• TASK OBJECTIVE
Repeat exactly the lines below from the line that contains "X0000075400667200609291642" to the last line, inclusive, without the pictures.

Records drawn from a dataset
= Beginning of Section =

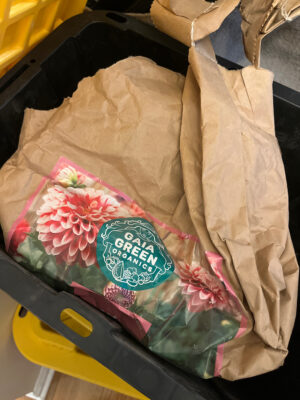 80671DFB-6CA0-40D4-9CD8-B5832304631C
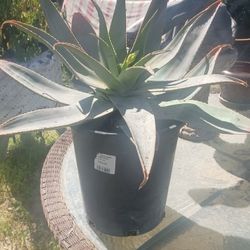 💎 LARGE 5-GAL ‘GHOST ALOE’ – RARE MATURE BLOOMING BEAUTY! 💎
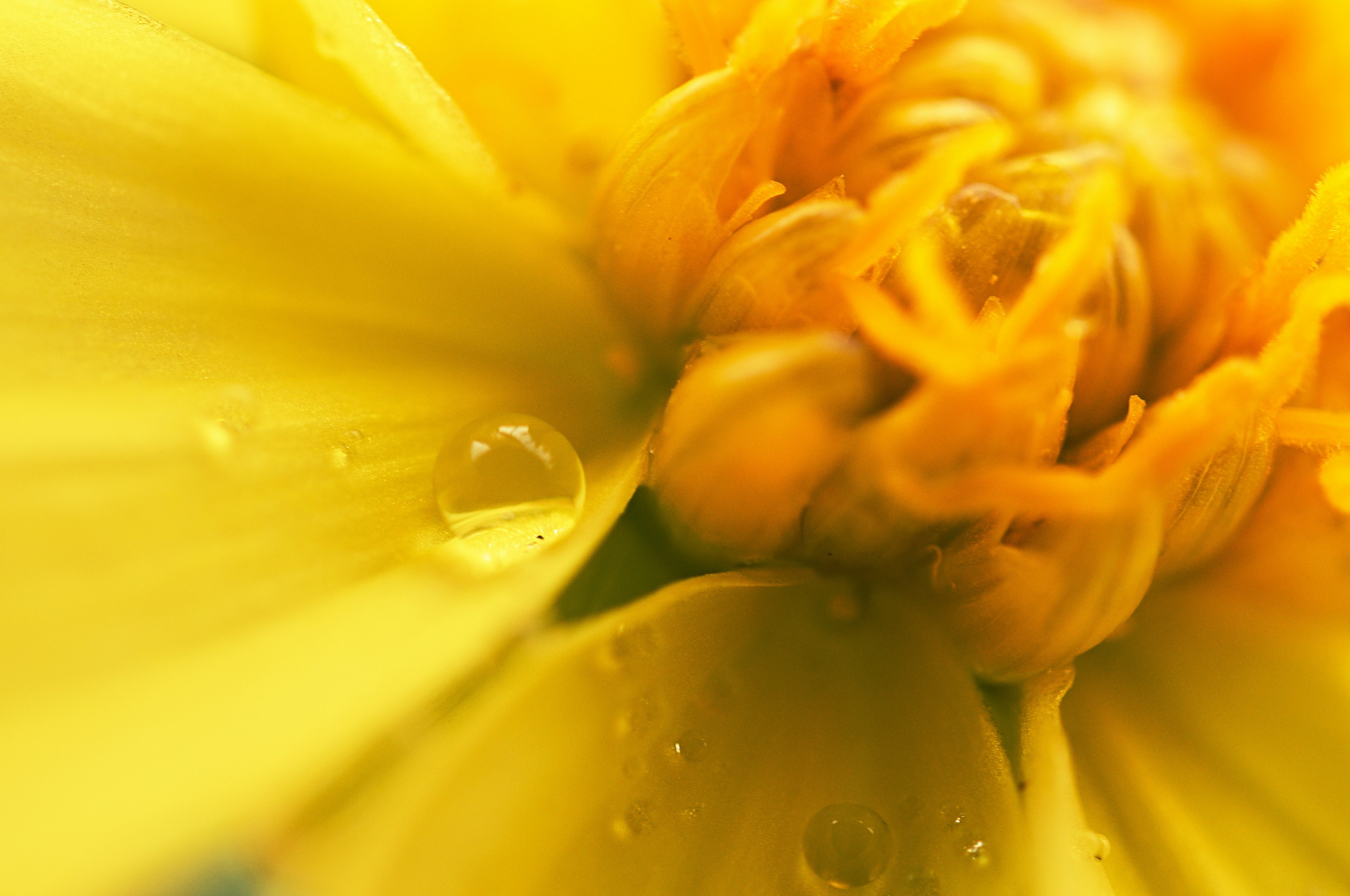 Nahaufnahme einer gelben Blume mit sichtbaren Wassertropfen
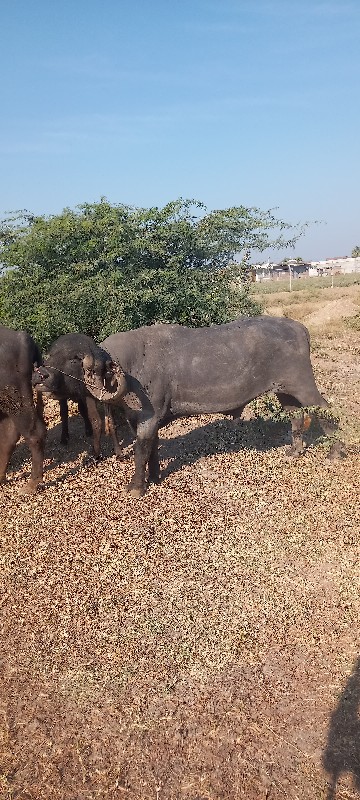 આ પાડો વેચવાનો...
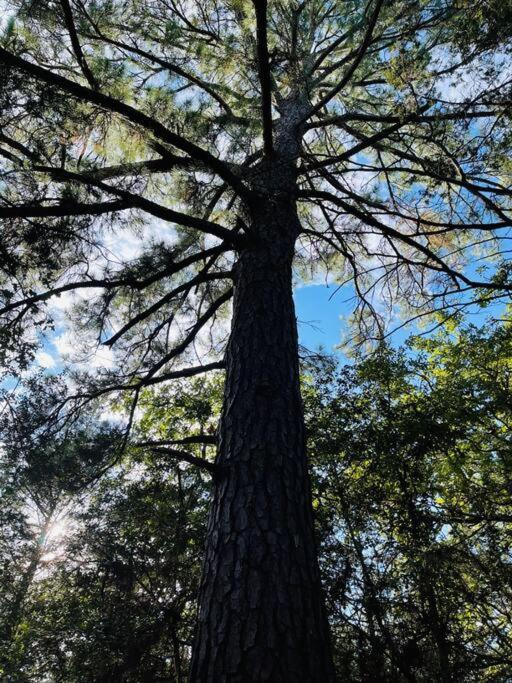 Bastrop Tiny Disc Golf Retreat Villa Dış mekan fotoğraf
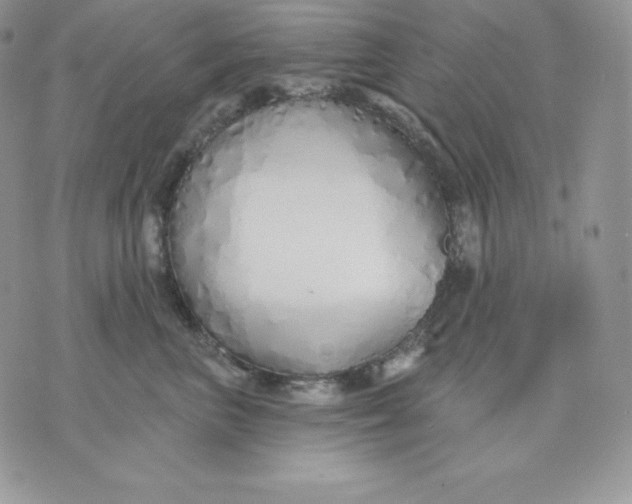 X0000075400667200609291642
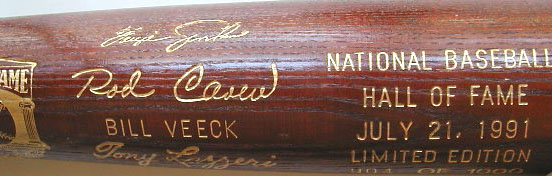 1991 Hall of Fame Induction Bat MAIN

= End of Section =

• RESPONSE TO THE EXERCISE
 X0000075400667200609291642
 1991 Hall of Fame Induction Bat MAIN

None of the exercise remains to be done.